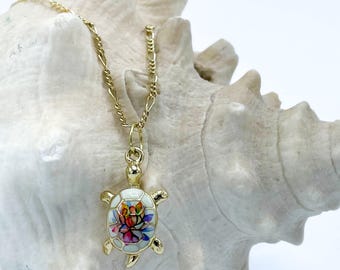 Charming White Porcelain Turtle with Hand-Painted Flowers on Gold-Filled Necklace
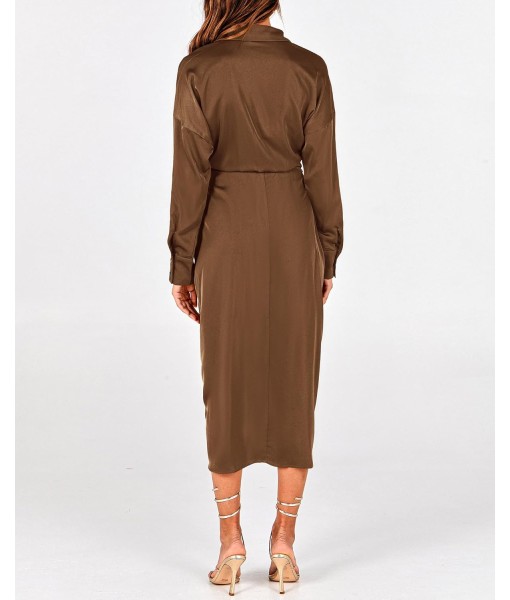BTFBM Maxi Dresses for Women Fall 2025 Long Sleeve Lapel Neck Button Down Elegant Satin Belted Ruched Summer Shirt Dress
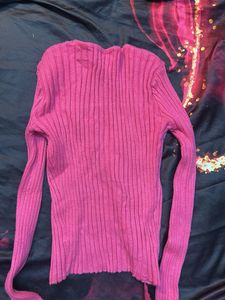 Pink Long Sleeve Crop Top
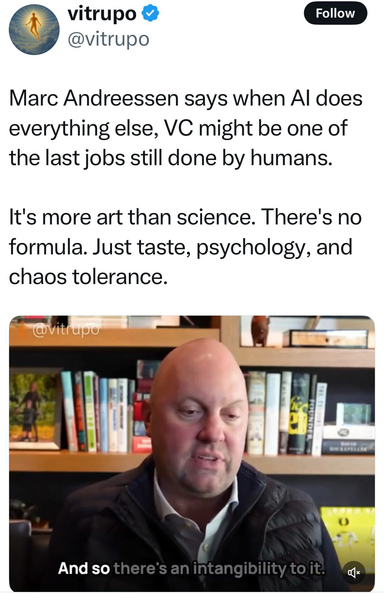 Screenshot of a tweet by @vitrupo quoting Marc Andreessen: "Marc Andreessen says when Al does everything else, VC might be one of the last jobs still done by humans. It's more art than science. There's no formula. Just taste, psychology, and chaos tolerance." Below the tweet is a picture of Marc Andreessen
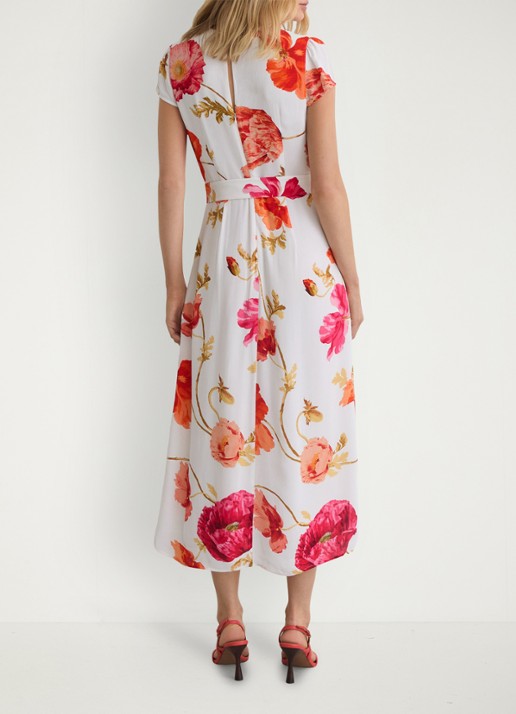 Reiss Lyra midi jurk met bloemenprint en ceintuur - achterkant 3 roze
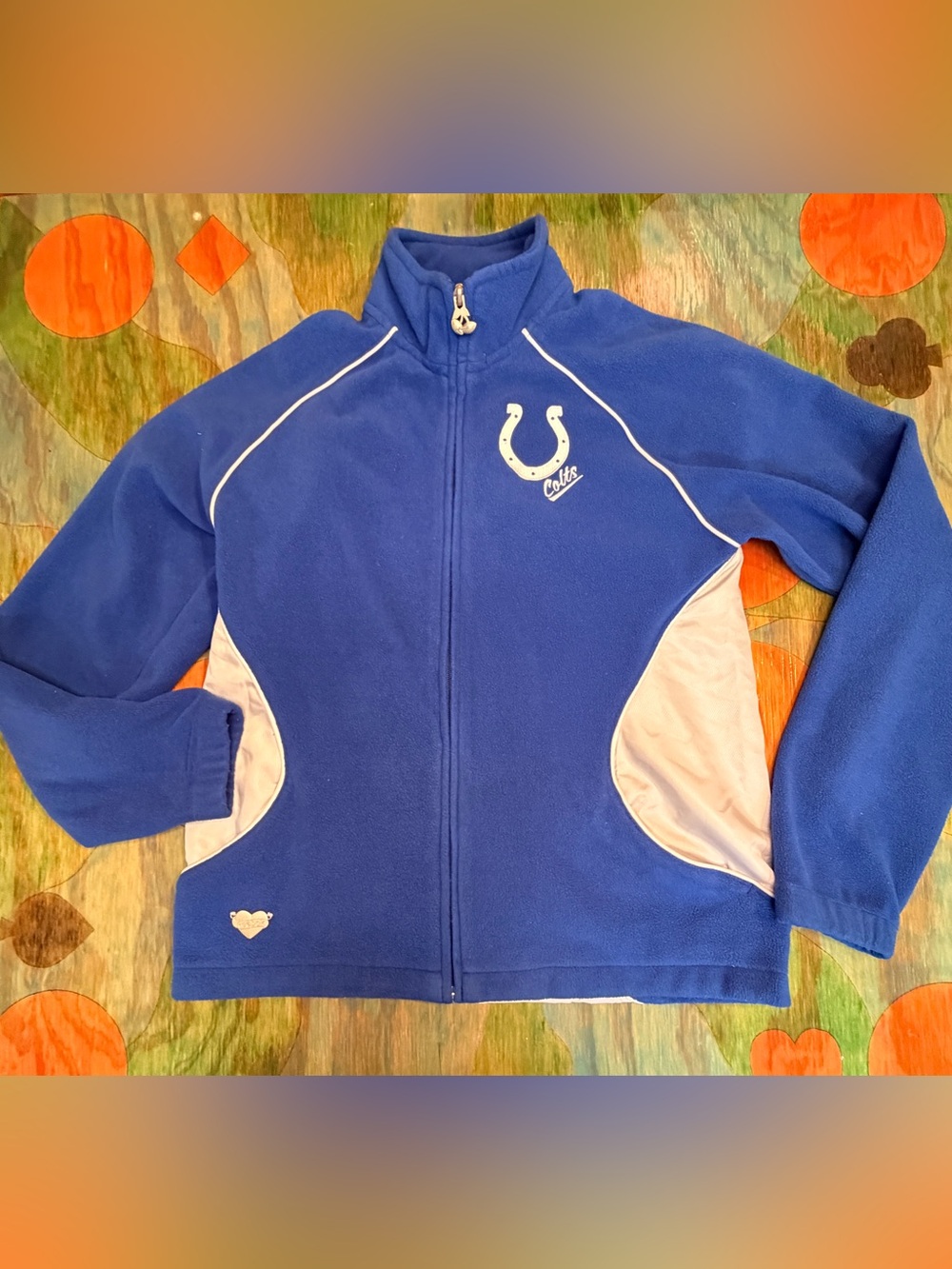 Indianapolis Colts Jacket Womens Med Blue Fleece Reebok NFL Football Full Zip Po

■ ■ ■ ■

The problem – Since the pictures are not wanted, set down only the rest of each record, exactly as above.

Written solution –
 Charming White Porcelain Turtle with Hand-Painted Flowers on Gold-Filled Necklace
BTFBM Maxi Dresses for Women Fall 2025 Long Sleeve Lapel Neck Button Down Elegant Satin Belted Ruched Summer Shirt Dress
 Pink Long Sleeve Crop Top
 Screenshot of a tweet by @vitrupo quoting Marc Andreessen: "Marc Andreessen says when Al does everything else, VC might be one of the last jobs still done by humans. It's more art than science. There's no formula. Just taste, psychology, and chaos tolerance." Below the tweet is a picture of Marc Andreessen
 Reiss Lyra midi jurk met bloemenprint en ceintuur - achterkant 3 roze
 Indianapolis Colts Jacket Womens Med Blue Fleece Reebok NFL Football Full Zip Po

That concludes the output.